* **Work task**
Please set down only the lines from the one containing "乾重寶一組小平 有背月有光背 有傳世 唐銅錢5207 歷史價格詳細信息" through the end of the entries below, exactly, minus any pictures.

[Brief descriptive captions]
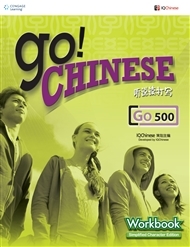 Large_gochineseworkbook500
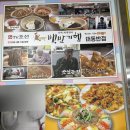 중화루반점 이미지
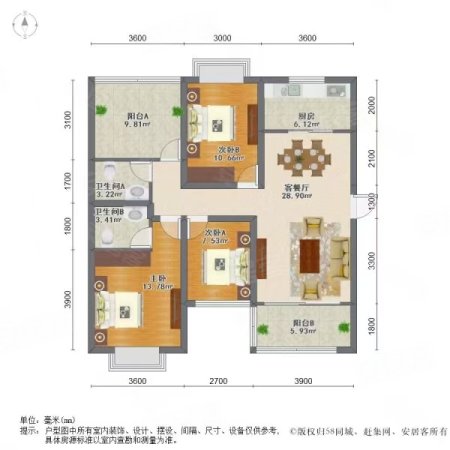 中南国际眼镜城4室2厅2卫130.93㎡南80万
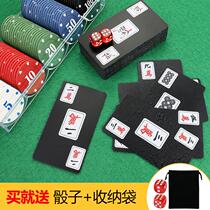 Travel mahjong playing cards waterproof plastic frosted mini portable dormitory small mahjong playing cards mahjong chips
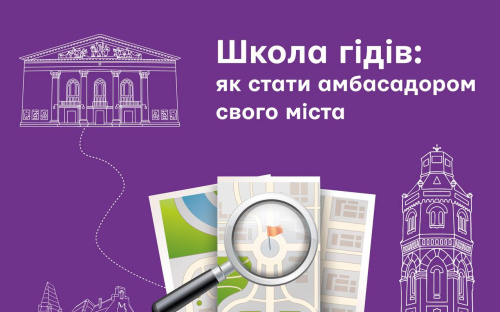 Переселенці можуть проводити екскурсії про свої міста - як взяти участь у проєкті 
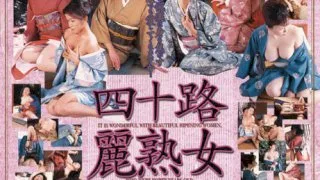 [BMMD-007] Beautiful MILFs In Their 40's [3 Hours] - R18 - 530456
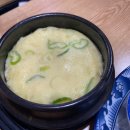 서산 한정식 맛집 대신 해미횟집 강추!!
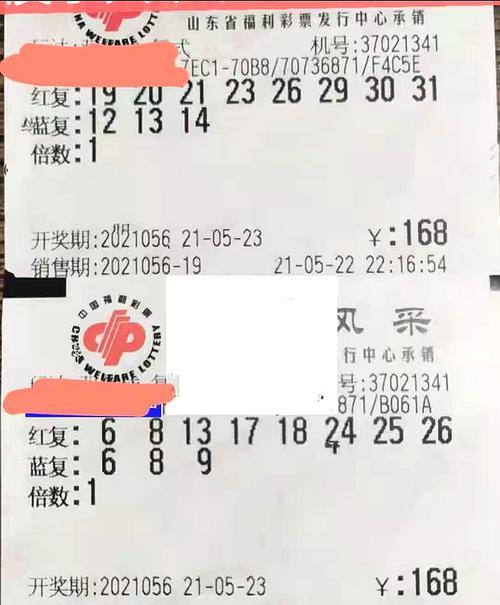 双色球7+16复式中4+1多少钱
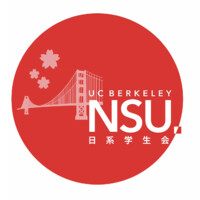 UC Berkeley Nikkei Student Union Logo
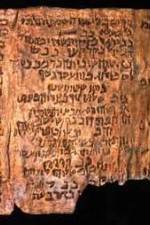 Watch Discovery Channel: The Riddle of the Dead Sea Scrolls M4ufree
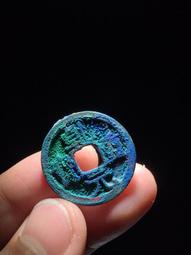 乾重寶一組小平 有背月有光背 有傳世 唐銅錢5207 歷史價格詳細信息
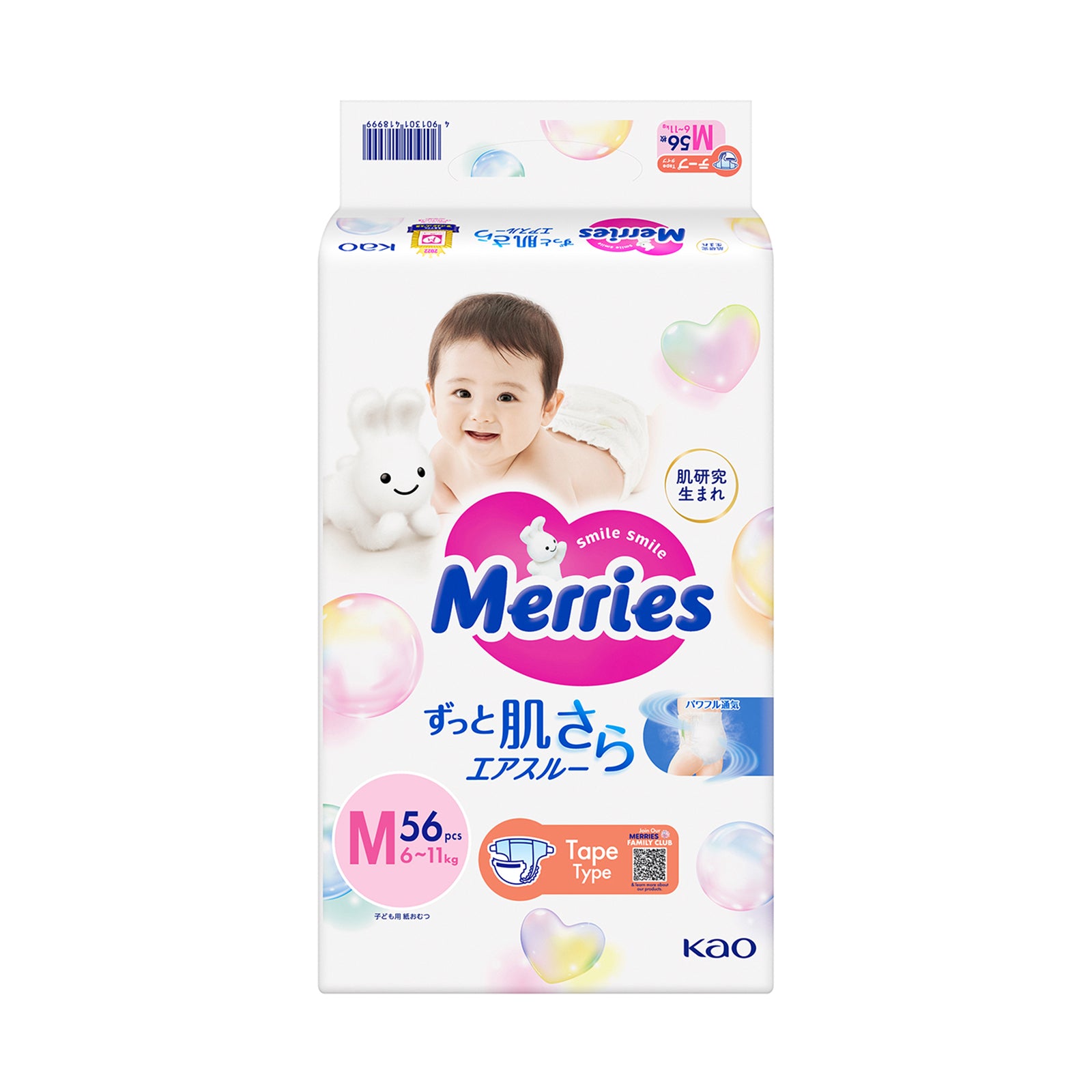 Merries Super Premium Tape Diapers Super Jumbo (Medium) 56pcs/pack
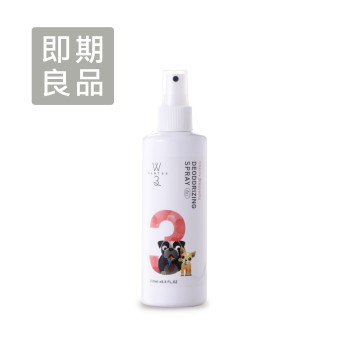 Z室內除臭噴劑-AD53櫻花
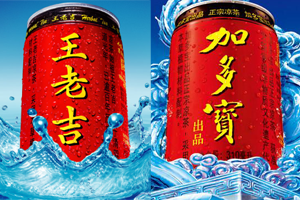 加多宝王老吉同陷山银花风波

* **Result below**
 乾重寶一組小平 有背月有光背 有傳世 唐銅錢5207 歷史價格詳細信息
 Merries Super Premium Tape Diapers Super Jumbo (Medium) 56pcs/pack
 Z室內除臭噴劑-AD53櫻花
 加多宝王老吉同陷山银花风波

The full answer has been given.